Promoted by National Public Radio (NPR) and other mainstream media, the book In Defense of Looting: A Riotous History of Uncivil Action was published earlier this year to provide a pseudo-intellectual justification for the indefensible. In an interview with NPR, its author Vicky Osterweil seemed to direct her main ire against small businesses: "When it comes to small business, family-owned business or locally owned business, they are no more likely to have to provide good stuff for the community than big businesses. It's actually a Republican myth that has, over the last 20 years, really crawled into even leftist discourse: that the small-business owner must be respected, that the small-business owner creates jobs and is part of the community. But that's actually a right-wing myth. A business being attacked in the community is ultimately about attacking like modes of oppression that exist in the community." 

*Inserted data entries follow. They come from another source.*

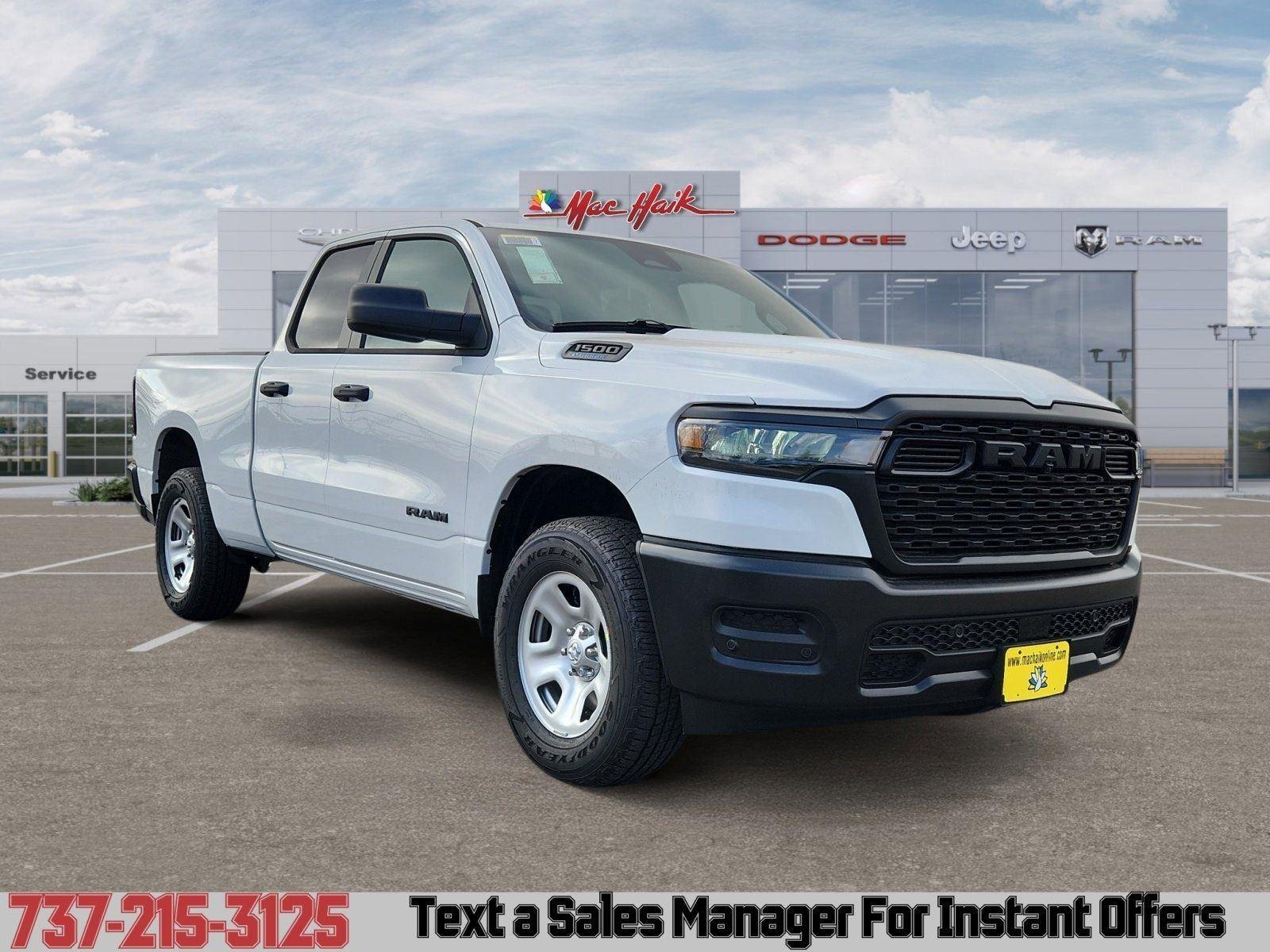 New 2026 Bright White Clear-Coat Exterior Paint RAM Tradesman image 7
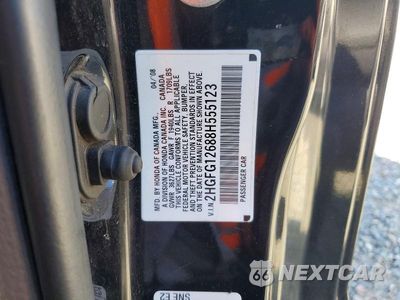 Zdjęcie 12 z 12 samochodu: 2008 HONDA CIVIC LX VIN:2HGFG12688H555123 - miniatura
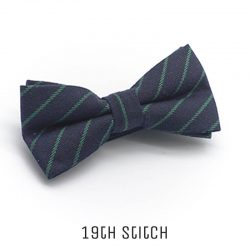Blue with Green Stripe Bow Tie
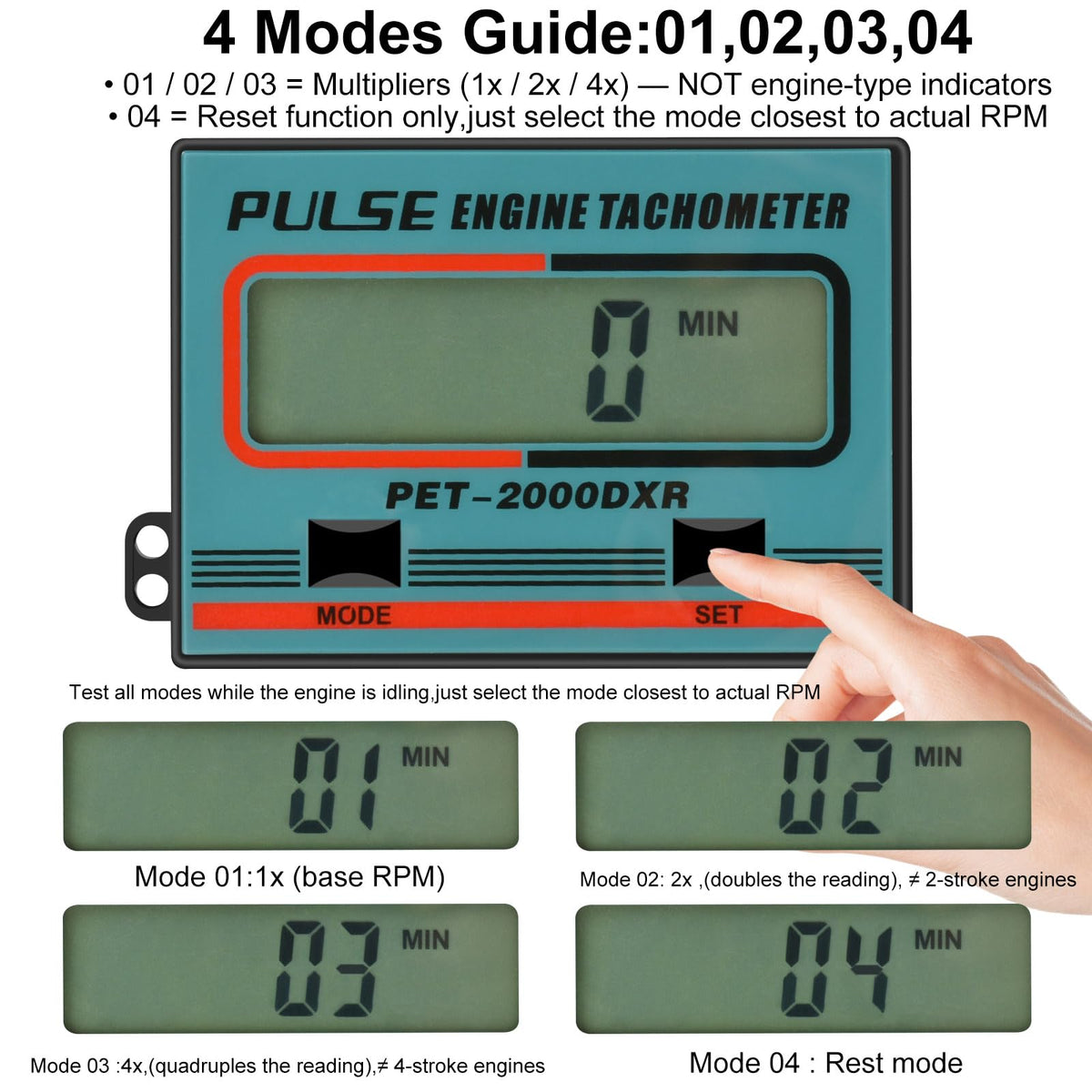 HTPREC zero and reset function for fast data clearing and fresh readings.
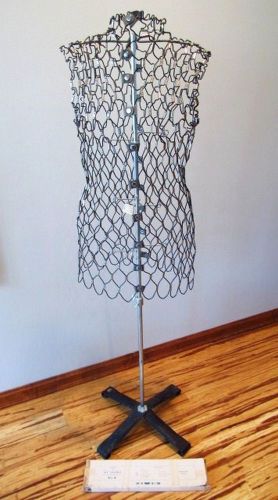 VINTAGE MY DOUBLE MODEL A ADJUSTABLE WIRE MESH DRESS FORM MANNEQUIN W/ EXTRAS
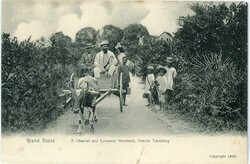 Postcards Liberia: Unused postcard titled ‘Grand Bassa. A Liberian ...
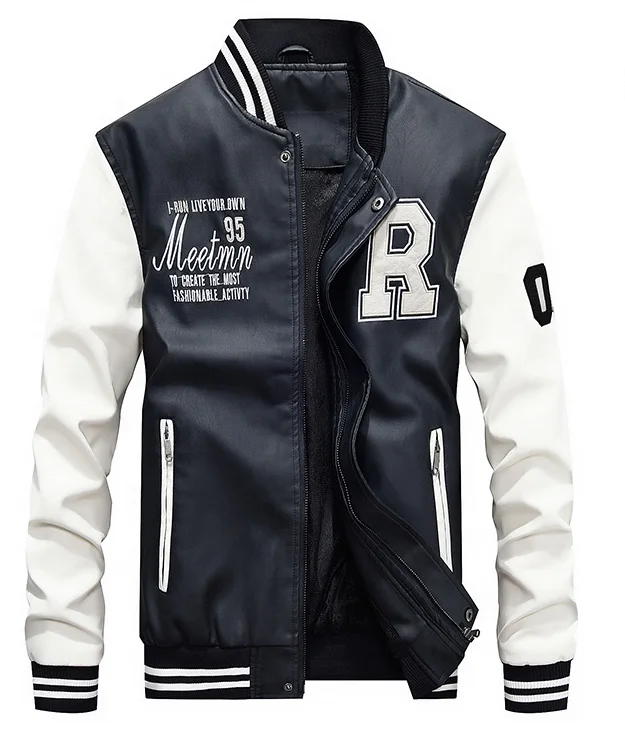 

new arrival custom basketball Men'S pu Jackets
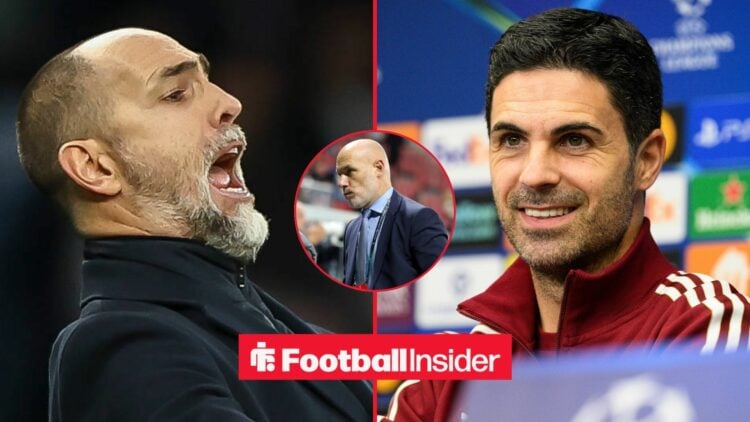 Tottenham Hotspur manager Igor Tudor reacts during the Tottenham Hotspur v Arsenal Premier League match at the Tottenham Hotspur Stadium, London, E...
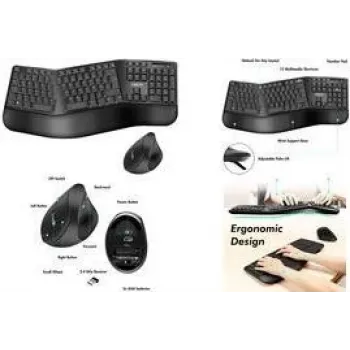 LogiLink ID0211 klaviatūra su pele RF Wireless QWERTZ German Juoda (ID0211)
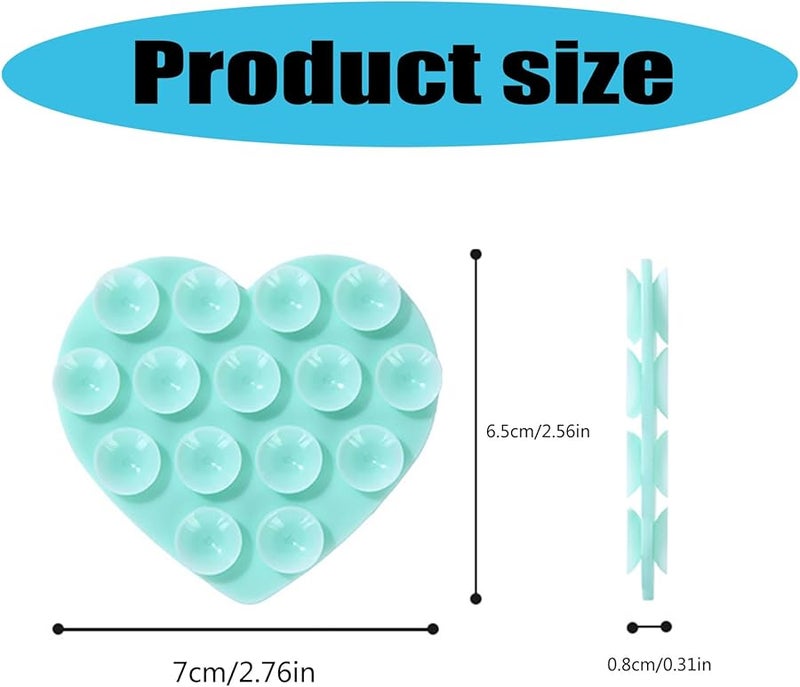 Yellow Green Silicone Suction Phone Case Adhesive Mount Strong Grip Holder for Video - Image 3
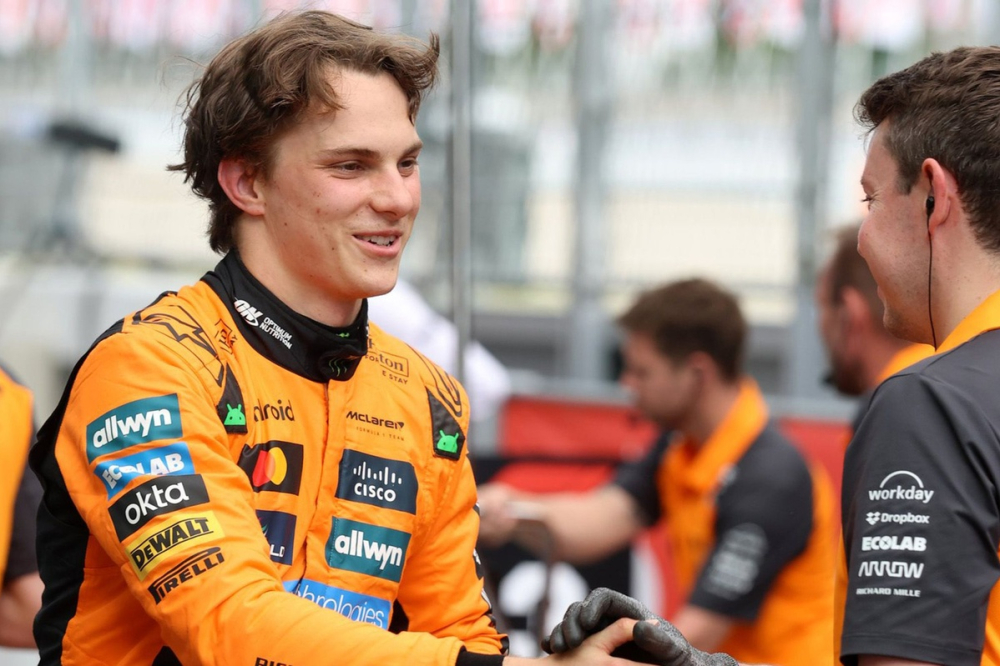 Piastri a encore de la marge : 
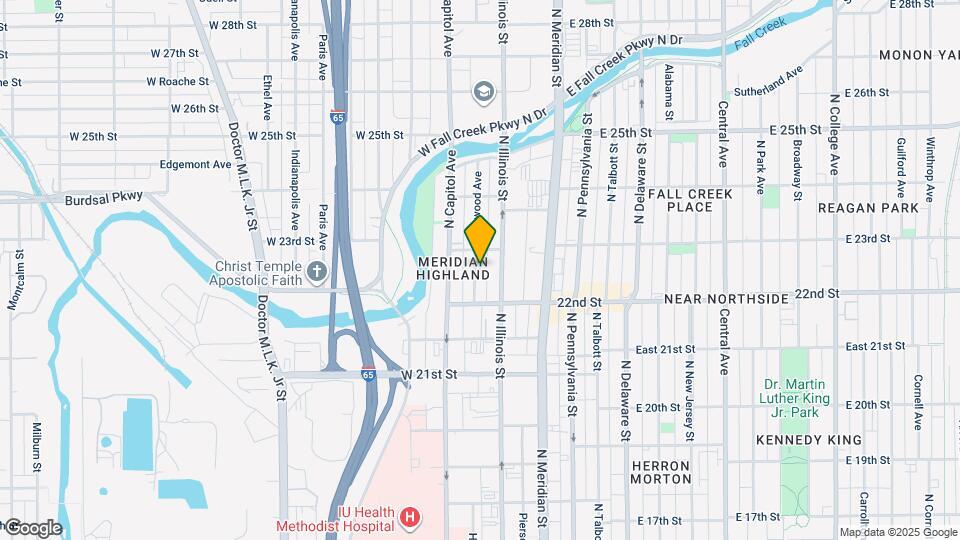 2243 N Kenwood Ave Map and Location Details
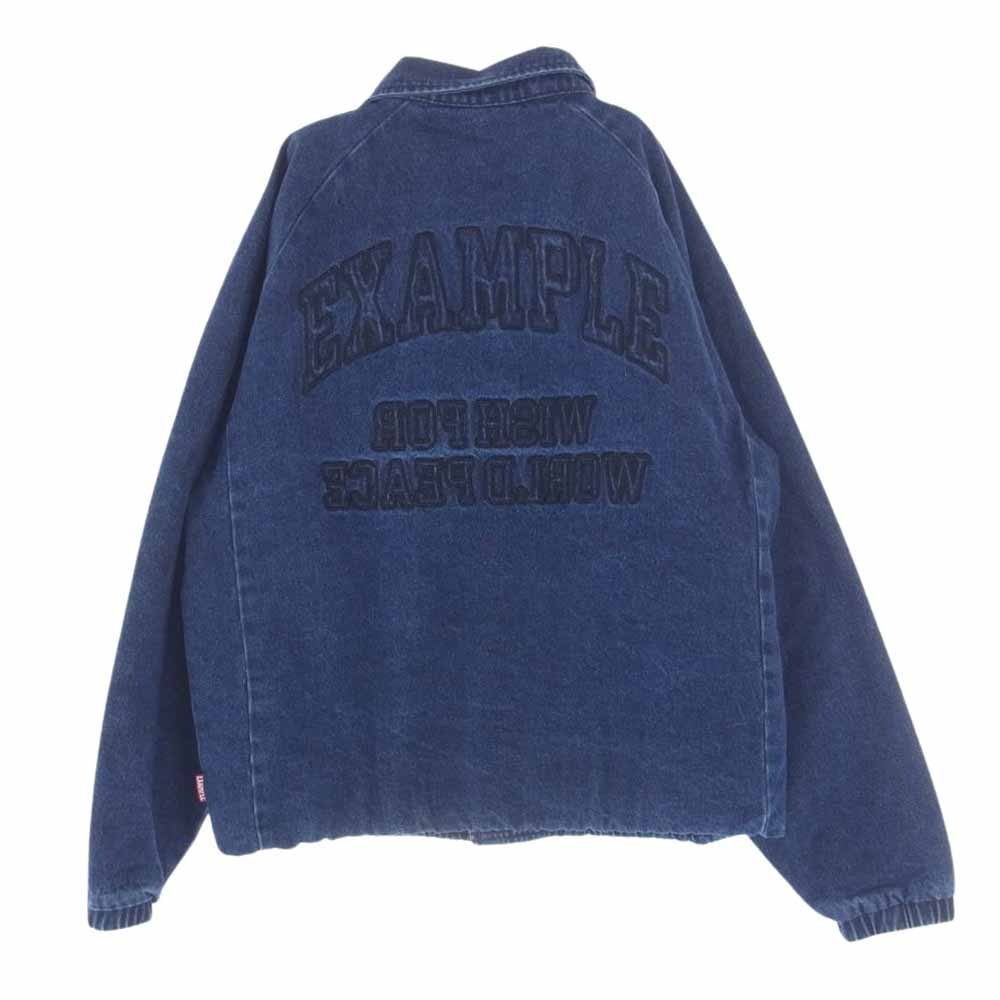 エグザンプル DENIM TRACK JKT デニム トラック ジャケット インディゴブルー系 M【中古】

Osterweil is a self-professed "queer Jewish anarchist", but her ideology and the inspiration she cites in her various articles are blatantly Communist. Her idolizing violence for violence's sake is antithetical to the firm Anarchist principle that opposes the initiation of violence except in self-defense, and consistently upholds non-coercion in social interactions. Likewise, her attack upon the basic property rights of individual business-owners (nothing about her own property or those of her associates) is part of the Marxist ideology that wants to see all centralized in the monopolistic hands of the State - behind which stands Big Bankers and Corporatists. Its little wonder Corporate media outlets have given her a platform to espouse ideas they want to legitimize as a bludgeon against the working- and middle- classes and small businesses. For the Marxists and their Corporatist backers see them as enemies to their "revolution" that wants to centralize even more power for the managerial class.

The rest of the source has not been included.